Six researchers at Apple, Iman Mirzadeh, Keivan Alizadeh, Hooman Shahrokhi, Oncel Tuzel, Samy Bengio, and Mehrdad Farajtabar, have found ample evidence that Large Language Models are incapable of logical reasoning:
Our findings support the hypothesis that current LLMs are not capable of performing formal mathematical reasoning
LLMs pattern match and do so at a scale that surpasses any single human brain's own innate ability to pattern match. This energy-intensive parlour trick has done a pretty good job of passing for intelligence across a range of domains and legitimate tests aimed at measuring cognitive ability. While these models may be able to fool us into thinking they can think, there is an abundance of evidence demonstrating that they lack the capacity to think and reason.

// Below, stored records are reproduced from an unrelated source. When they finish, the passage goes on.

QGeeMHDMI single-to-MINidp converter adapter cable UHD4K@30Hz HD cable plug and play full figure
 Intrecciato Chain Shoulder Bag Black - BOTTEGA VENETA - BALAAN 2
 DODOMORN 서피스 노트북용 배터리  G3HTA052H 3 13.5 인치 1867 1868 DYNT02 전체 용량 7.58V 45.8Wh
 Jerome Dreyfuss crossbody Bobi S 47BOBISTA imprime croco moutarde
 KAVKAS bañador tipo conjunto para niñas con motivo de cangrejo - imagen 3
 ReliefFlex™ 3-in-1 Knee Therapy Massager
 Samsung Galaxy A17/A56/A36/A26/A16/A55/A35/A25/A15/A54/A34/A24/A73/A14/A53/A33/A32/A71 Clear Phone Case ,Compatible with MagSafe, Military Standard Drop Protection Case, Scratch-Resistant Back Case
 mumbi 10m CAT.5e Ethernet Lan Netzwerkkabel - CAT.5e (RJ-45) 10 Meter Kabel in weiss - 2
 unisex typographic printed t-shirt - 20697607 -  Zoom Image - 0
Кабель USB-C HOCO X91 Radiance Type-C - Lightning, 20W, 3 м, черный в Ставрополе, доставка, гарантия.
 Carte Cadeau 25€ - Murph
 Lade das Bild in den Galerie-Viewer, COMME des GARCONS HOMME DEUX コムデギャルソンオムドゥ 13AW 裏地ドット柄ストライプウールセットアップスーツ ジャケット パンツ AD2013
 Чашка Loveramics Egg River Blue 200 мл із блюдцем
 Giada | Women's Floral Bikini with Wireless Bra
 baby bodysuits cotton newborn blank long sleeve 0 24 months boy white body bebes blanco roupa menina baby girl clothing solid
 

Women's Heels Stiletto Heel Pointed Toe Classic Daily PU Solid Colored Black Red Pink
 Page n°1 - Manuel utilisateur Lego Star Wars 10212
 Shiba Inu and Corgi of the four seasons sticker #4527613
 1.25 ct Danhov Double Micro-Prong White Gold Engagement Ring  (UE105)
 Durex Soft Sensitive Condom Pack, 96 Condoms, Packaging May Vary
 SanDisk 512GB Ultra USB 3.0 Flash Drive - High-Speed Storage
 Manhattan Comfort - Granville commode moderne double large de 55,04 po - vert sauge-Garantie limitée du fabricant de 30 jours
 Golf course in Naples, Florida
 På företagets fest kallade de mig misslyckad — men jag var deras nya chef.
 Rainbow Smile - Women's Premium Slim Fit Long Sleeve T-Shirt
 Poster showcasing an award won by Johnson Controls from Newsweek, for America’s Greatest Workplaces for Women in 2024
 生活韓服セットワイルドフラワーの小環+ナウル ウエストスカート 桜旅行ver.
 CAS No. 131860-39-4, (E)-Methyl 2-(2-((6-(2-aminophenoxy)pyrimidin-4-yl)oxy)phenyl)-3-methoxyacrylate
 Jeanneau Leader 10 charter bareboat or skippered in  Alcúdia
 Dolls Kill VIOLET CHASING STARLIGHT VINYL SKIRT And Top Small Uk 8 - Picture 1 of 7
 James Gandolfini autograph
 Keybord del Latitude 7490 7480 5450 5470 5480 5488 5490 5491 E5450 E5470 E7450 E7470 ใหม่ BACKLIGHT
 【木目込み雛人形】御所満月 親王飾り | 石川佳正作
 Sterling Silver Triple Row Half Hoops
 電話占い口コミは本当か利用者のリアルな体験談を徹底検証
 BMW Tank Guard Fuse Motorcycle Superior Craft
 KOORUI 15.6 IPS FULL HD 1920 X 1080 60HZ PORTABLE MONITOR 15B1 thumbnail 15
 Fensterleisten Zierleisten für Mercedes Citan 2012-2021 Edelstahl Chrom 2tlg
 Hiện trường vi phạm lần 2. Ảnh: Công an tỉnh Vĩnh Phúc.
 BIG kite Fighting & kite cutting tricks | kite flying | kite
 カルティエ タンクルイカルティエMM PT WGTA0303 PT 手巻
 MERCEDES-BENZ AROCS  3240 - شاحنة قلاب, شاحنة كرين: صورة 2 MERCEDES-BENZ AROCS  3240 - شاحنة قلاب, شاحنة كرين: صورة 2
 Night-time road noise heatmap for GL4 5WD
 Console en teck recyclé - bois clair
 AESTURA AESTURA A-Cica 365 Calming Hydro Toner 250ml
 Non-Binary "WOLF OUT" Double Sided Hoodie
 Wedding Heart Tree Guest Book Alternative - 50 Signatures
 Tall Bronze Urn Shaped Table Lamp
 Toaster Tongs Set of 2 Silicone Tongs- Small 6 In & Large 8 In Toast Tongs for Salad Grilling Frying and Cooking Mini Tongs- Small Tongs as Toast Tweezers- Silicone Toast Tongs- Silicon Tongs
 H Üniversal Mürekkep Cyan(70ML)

This impressive ability to pattern match at immense scale simultaneously serves as the Achilles' heel of modern LLMs. The massive data sets these models have been trained on has not and, indeed, cannot be vetted for accuracy by domain experts in any reasonable human-scale timeline. A significant amount of noise exists in the training data and the signal-to-noise ratio is liable to get much worse given the rate at which LLM-generated text, imagery, and video are flooding the pool of human knowledge. Feeding ever-bigger models more of this data is not the path forward. The next big breakthrough in silicon mimicking human intelligence will come from discrete, highly-specialized convolutional neural networks running alongside infallible logic systems (like calculators) via which a silicon-based prefrontal cortex orchestrates and carries out tasks.